Materials and Methods

PET fibers (stretch ratio 2, 30 filaments, 110dTex) were purchased from Textile Department of Amir Kabir University and Technology (Tehran). They were cut as small hank (0.1±0.01 g), Soxhlet –extracted for 6h with acetone and dried at 50ͦC in vacuum oven. MMA and AA were provided by BDH Co. of England and were used after purification. MMA was washed three times with 5% NaOH , dried over CaCl₂ , and finally distilled in vacuum at 46°C. AA was vacuum distilled over a column filled with copper wires at 30°C. Bz₂O₂ was purified twice from the ethanol-chloroform (65%vol. ethanol) mixture and dried in vacuum desiccator. The acidic dye (EAR) was purchased from Institute for Color and Technology (ICST) (Iran). All of reagents and solvents were high purity and supplied by Merck Chemical Co. and doubly distilled water used in all experiments.

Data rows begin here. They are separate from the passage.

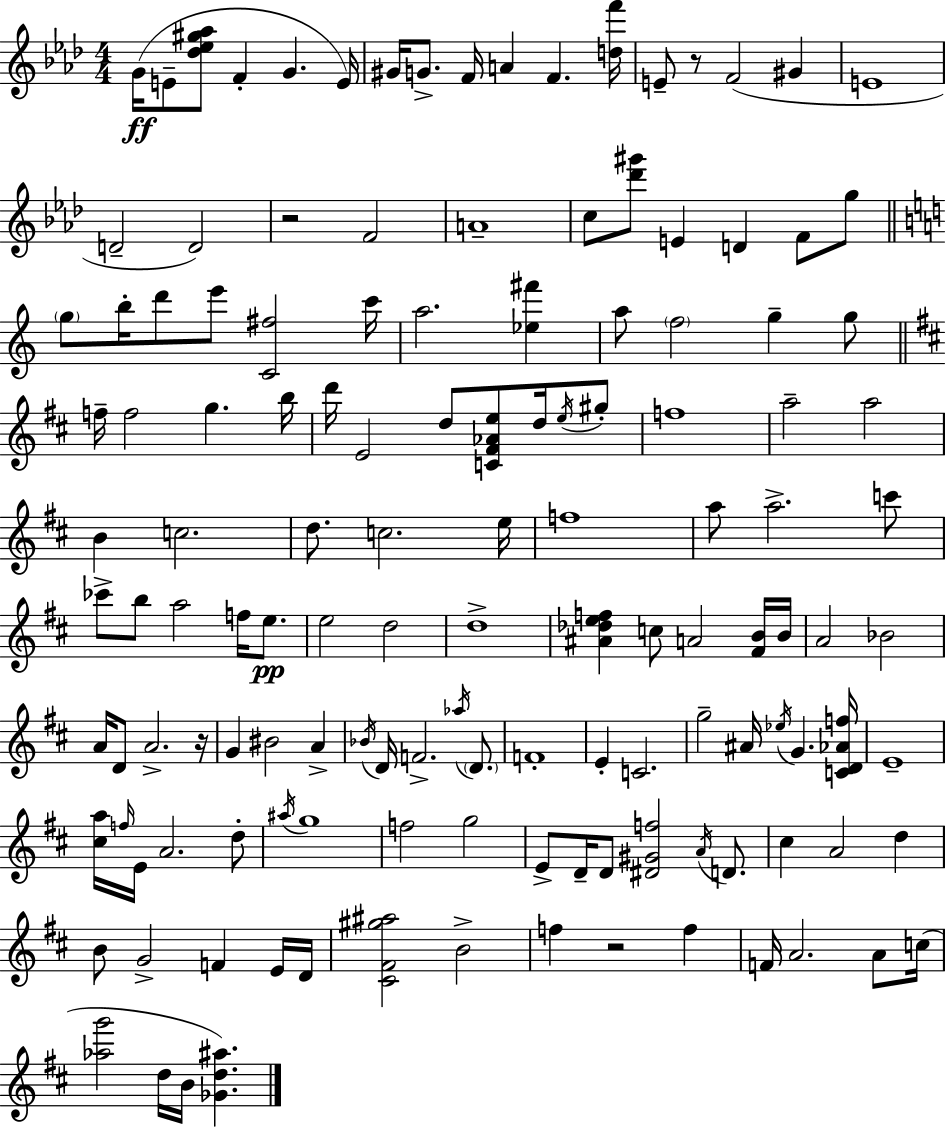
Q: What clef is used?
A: treble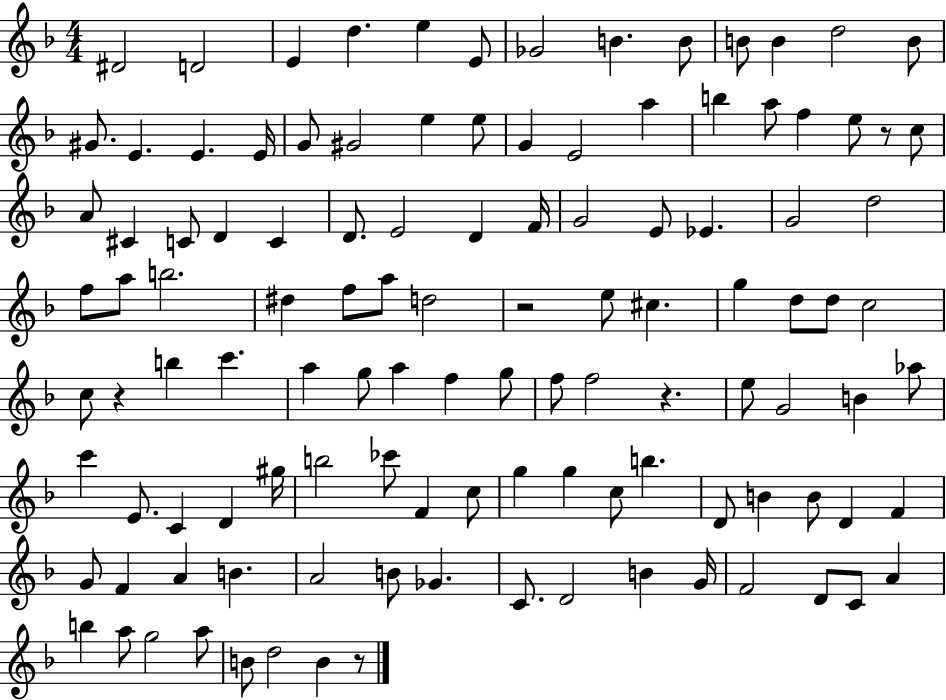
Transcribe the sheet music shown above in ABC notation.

X:1
T:Untitled
M:4/4
L:1/4
K:F
^D2 D2 E d e E/2 _G2 B B/2 B/2 B d2 B/2 ^G/2 E E E/4 G/2 ^G2 e e/2 G E2 a b a/2 f e/2 z/2 c/2 A/2 ^C C/2 D C D/2 E2 D F/4 G2 E/2 _E G2 d2 f/2 a/2 b2 ^d f/2 a/2 d2 z2 e/2 ^c g d/2 d/2 c2 c/2 z b c' a g/2 a f g/2 f/2 f2 z e/2 G2 B _a/2 c' E/2 C D ^g/4 b2 _c'/2 F c/2 g g c/2 b D/2 B B/2 D F G/2 F A B A2 B/2 _G C/2 D2 B G/4 F2 D/2 C/2 A b a/2 g2 a/2 B/2 d2 B z/2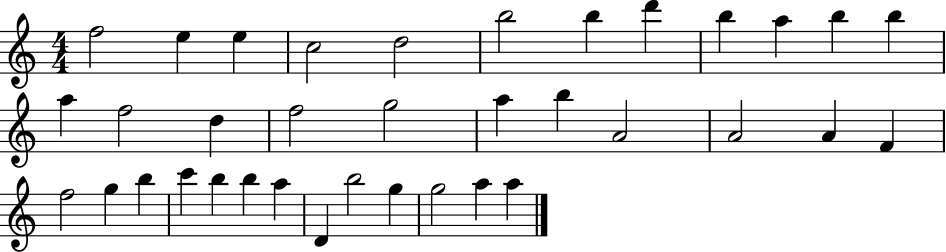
X:1
T:Untitled
M:4/4
L:1/4
K:C
f2 e e c2 d2 b2 b d' b a b b a f2 d f2 g2 a b A2 A2 A F f2 g b c' b b a D b2 g g2 a a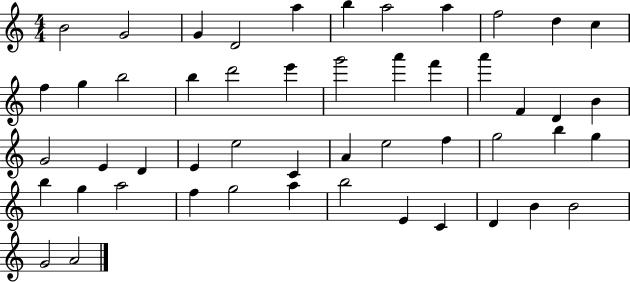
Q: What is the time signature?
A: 4/4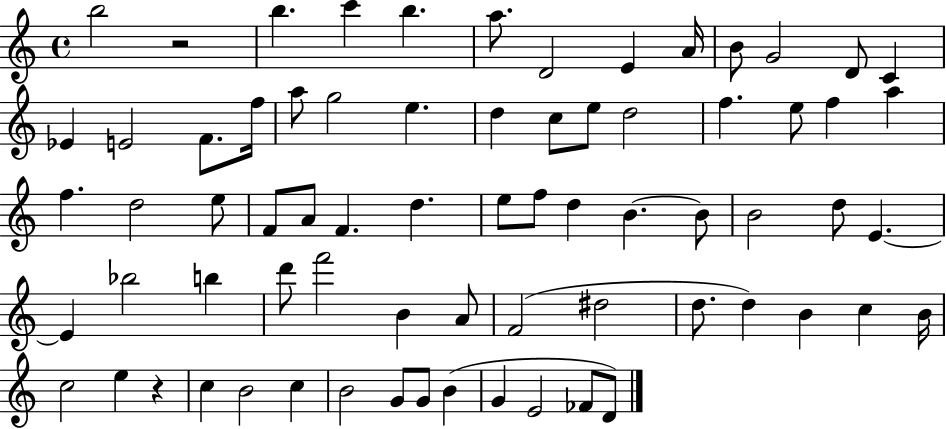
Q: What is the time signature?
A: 4/4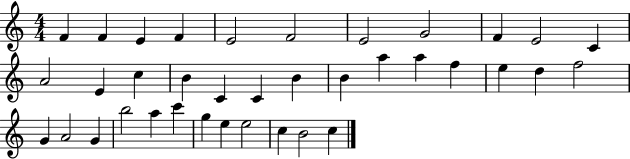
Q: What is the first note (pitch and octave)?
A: F4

Grafting procedure: Grafting was achieved in 100 mL Pyrex tube. The polymerization tube containing the 0.1g PET fiber, monomers (AA 30% - MMA 70% = 0.1 mol/L) , 45 mL doubly distilled water, 5 mL acetone containing 4.0 × 10^-3 mol / L Bz₂O₂ was added. The mixture was placed into the water bath at the fixed temperature (363K). To provide various grafting products, the operation was accomplished in the range of 20-70 min. The removal of undesirable homopolymers was done by doubly distilled water 24h water at room temperature, and toluene-acetone mixture for 6 and 8h, respectively .Then the fibers were oven dried at 323K for 48h and weighted .The percent of grafting was calculated gravimetrically:

G(%) = W_g – W₀/ W₀ ×100,

Where , W_g and W₀ are the weights of the grafted and ungrafted PET fibers, respectively.

Adsorption studies: Adsorption experiments were accomplished using 0.1g of the grafted fibers with 20 mL dye solution (75mg/L) in the 250 mL Erlenmeyer flask at the fixed agitation speed (150 rpm). After desirable time, the solution was filtered by filter paper (Wattman No.40), and then centrifuged for 10 min at 3000 rpm. The analyzing of dye in solution was fulfilled using a Uv spectrophotometer (Shimadzu 1208) at a maximum adsorbance(628nm). The amounts of dye adsorbed (mg/g) onto grafted fibers was calculated using the following equation:

q = (C◦ - C) × V / m,

Where, q is the amount of adsorbed dye on grafted fiber (mg/g), C₀ and C are the initial and equilibrium dye concentrations (mg/L), V is the volume of the solution (L) and m is the mass of grafted fiber sample used (g).

Results and Discussion

Characterization of adsorbent: The specific surface area of grafted PET fiber was determined from nitrogen adsorption isotherm according to BET method using a quantochrome Autosorb instrument. It was found to be equal to 0.414m²/g. This value is very negligible for investigation of adsorption process according to surface area, and probably adsorption imputed to the reaction between reactive groups (-COOH, -COOCH₃) which attached from monomers to the PET chains and dye molecules. Cation exchange capacity (CEC) was determined according to copper ethylene diamine complex and saturating by sodium acetate methods. [23,24] The results of both methods were the same, and CEC determined (29.5 mg/g or 128.6 meq/100g). The point of zero charge (pH_zpc) of reactive fibers measured at pH 3 – 9 .As shown in Figure 1 the point of zero charge was determined 6.2.[25] Surface morphology was investigated using JEOL-JEM-100 CX II microscope. As shown in Figure 2 (a, b, c) by adsorption of dye onto PET fiber, heterogeneity was increased and the surface of fiber observed very rough.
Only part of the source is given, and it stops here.